YOUR OBJECTIVE:
Give a verbatim copy of the lines below, minus the pictures.

Web page caption snippets
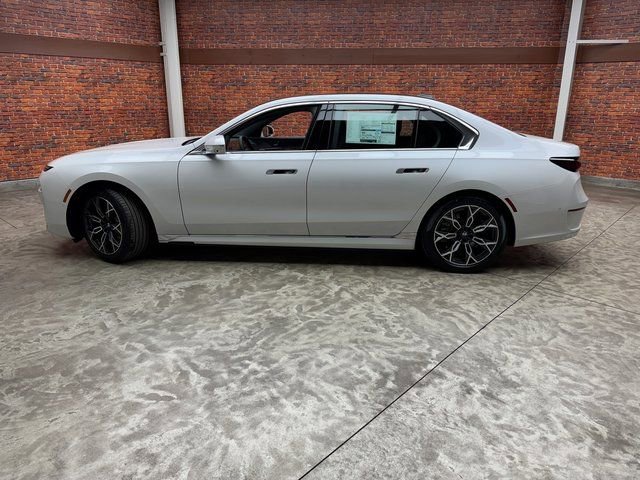 Used 2025 BMW i7 eDrive50 w/ Premium Package image 2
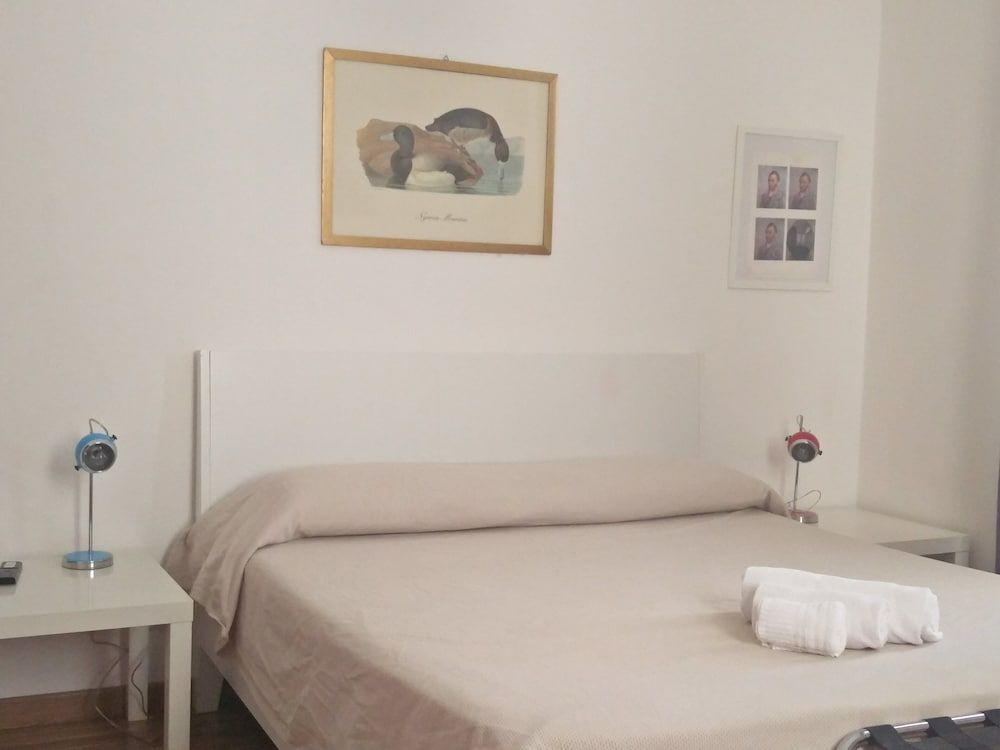undefined Rome Center Rooms 2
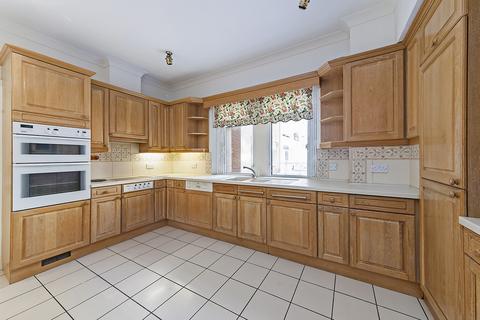 4 bedroom flat to rent, Princes Gate, South Kensington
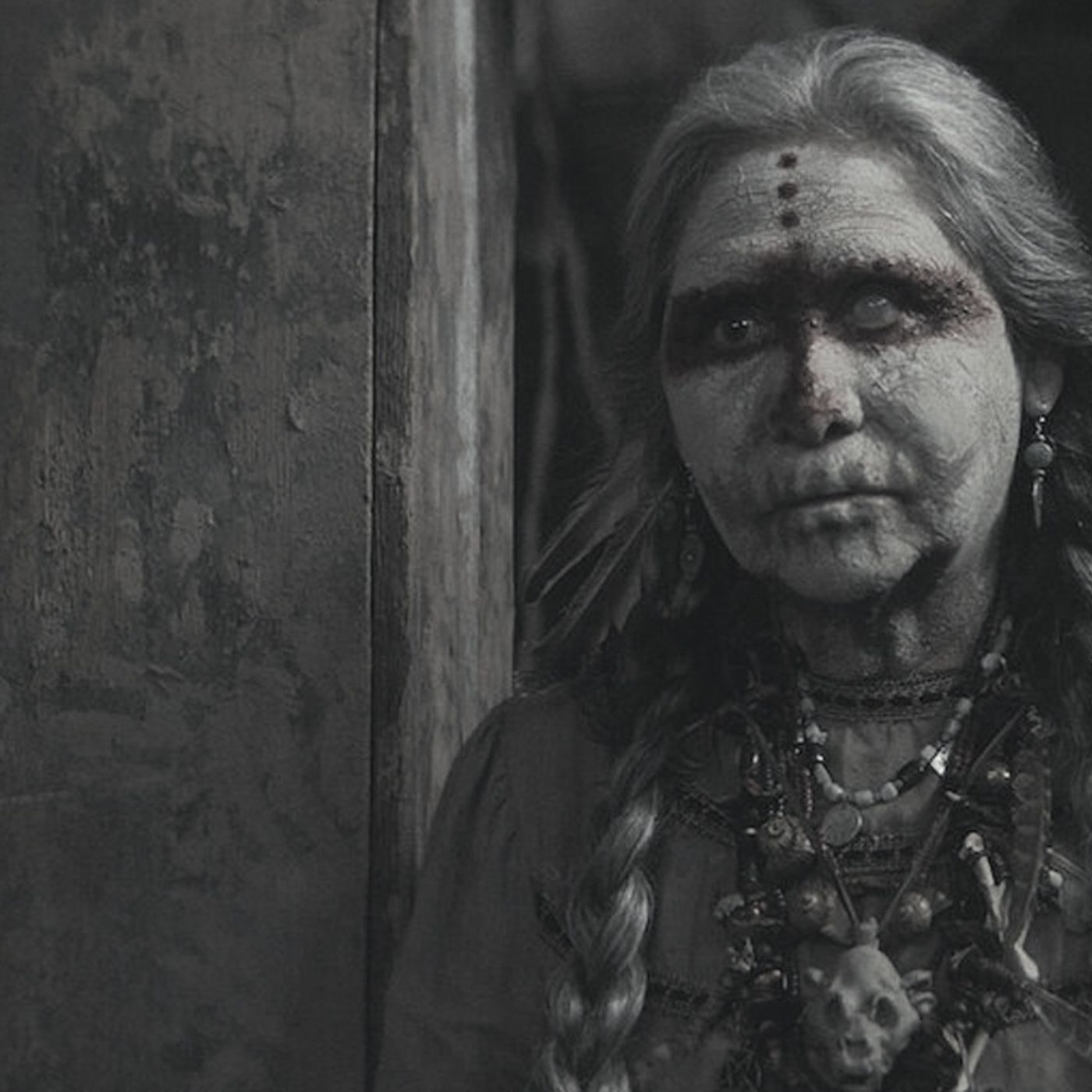 Escapé Del Ritual Que Mi Propia Madre Preparó Para Mí - Historias De Terror - Voces De La Noche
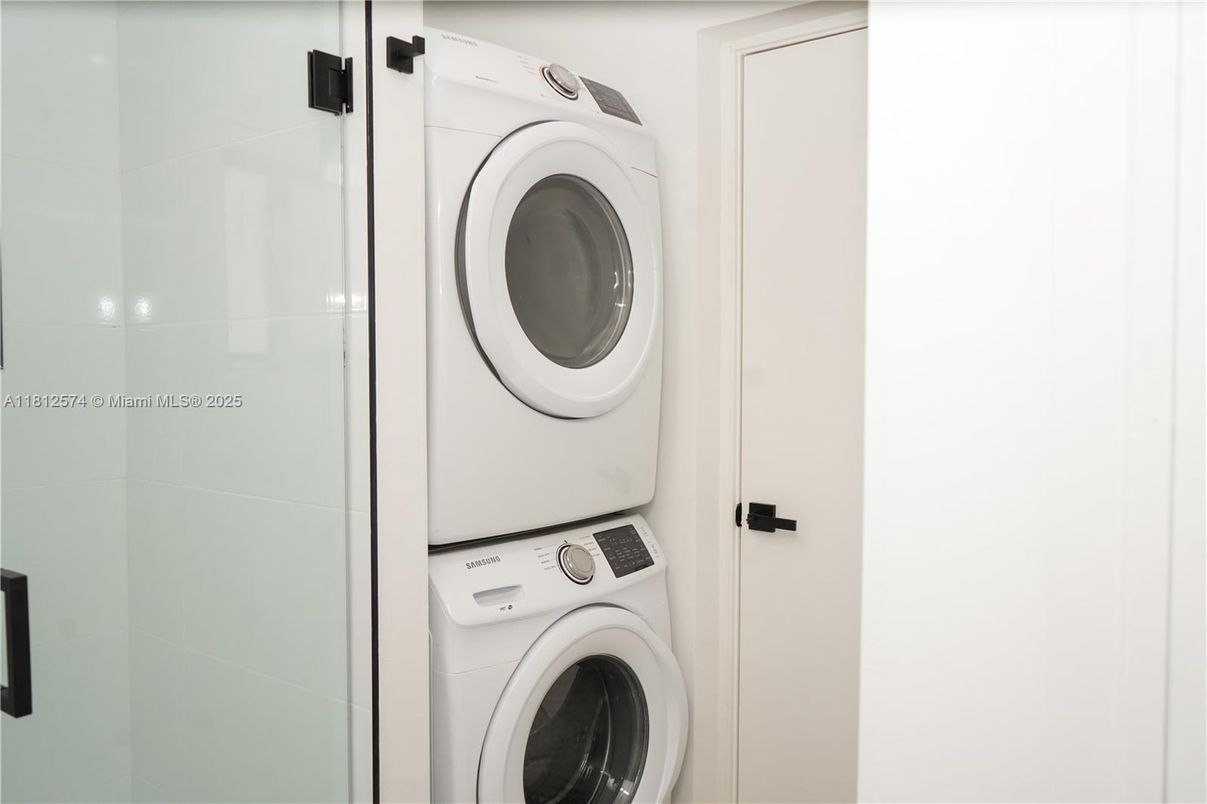 Bathroom, Interior, Utility Closets, Washer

SOLUTION TO THIS EXERCISE:
 Used 2025 BMW i7 eDrive50 w/ Premium Package image 2
undefined Rome Center Rooms 2
 4 bedroom flat to rent, Princes Gate, South Kensington
 Escapé Del Ritual Que Mi Propia Madre Preparó Para Mí - Historias De Terror - Voces De La Noche
 Bathroom, Interior, Utility Closets, Washer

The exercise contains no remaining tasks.